Il est clair que le Conseil fédéral combattra les deux initiatives sur l'AVS. Mais même en cas de double non, le résultat donnerait une indication sur la direction à prendre pour la prochaine réforme.
A propos du Conseil fédéral: comme le ministre des Affaires sociales Alain Berset quittera ses fonctions à la fin de l'année, son successeur devra se pencher sur les projets relatifs aux retraites. Et c'est là qu'intervient un autre argument en faveur d'un morcellement. «Il est certainement préférable que le nouveau ministre des Affaires sociales ait suffisamment de temps pour se familiariser avec le projet complexe de la LPP avant de devoir l'expliquer au peuple», ironise une parlementaire.

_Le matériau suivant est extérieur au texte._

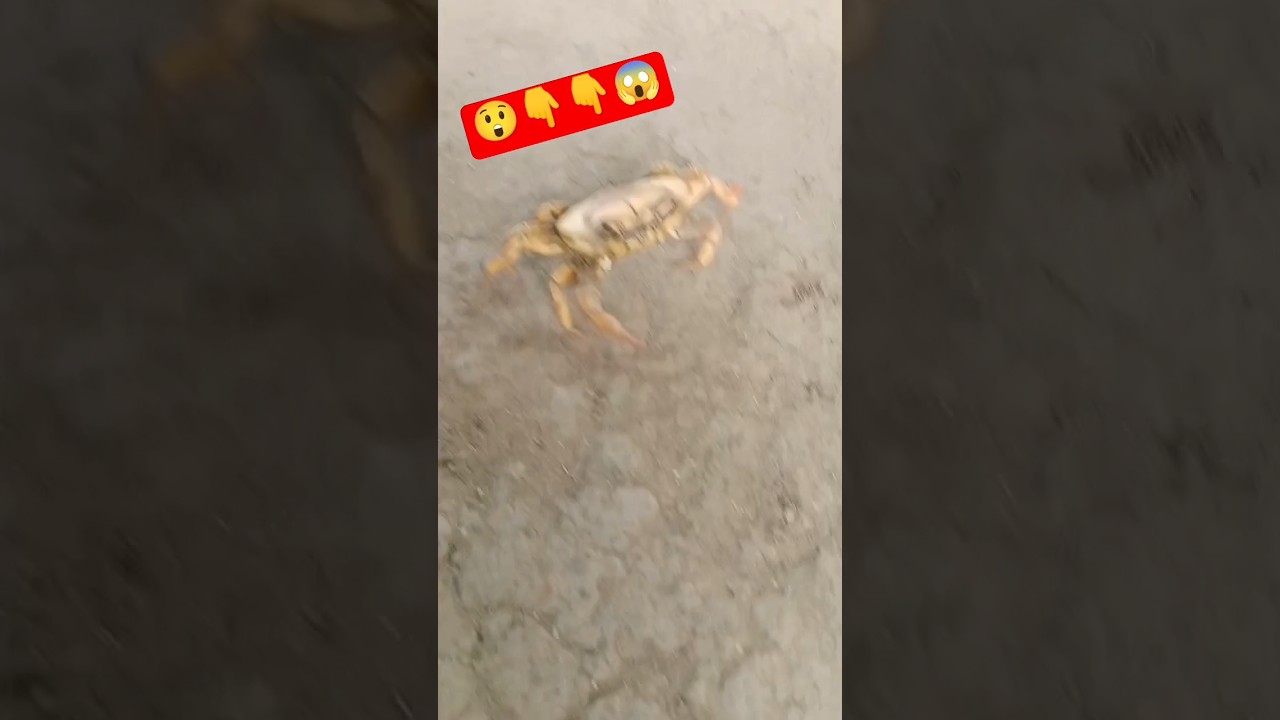 😱👆🥵🥵😲#fishing #shortvideo #short #fishingbite #trending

La réforme de la LPP comme un bon compromis
Même si de nombreux éléments plaident en faveur de deux dimanches de votations séparés pour les retraites, la conseillère nationale des Vert'libéraux Melanie Mettler relativise: «Avec les deux initiatives des syndicats et des jeunes libéraux-radicaux, nous avons deux variantes extrêmes sur la table. La réforme de la LPP est en revanche pragmatique et équilibrée.»
Dans cette constellation, le projet de loi sur les caisses de pension ressort d'autant plus clairement comme un bon compromis, selon elle. «Il assure une plus grande équité pour les femmes et entre les générations. Nous devons maintenant faire passer cette réforme pour que la confiance dans le deuxième pilier soit renforcée.»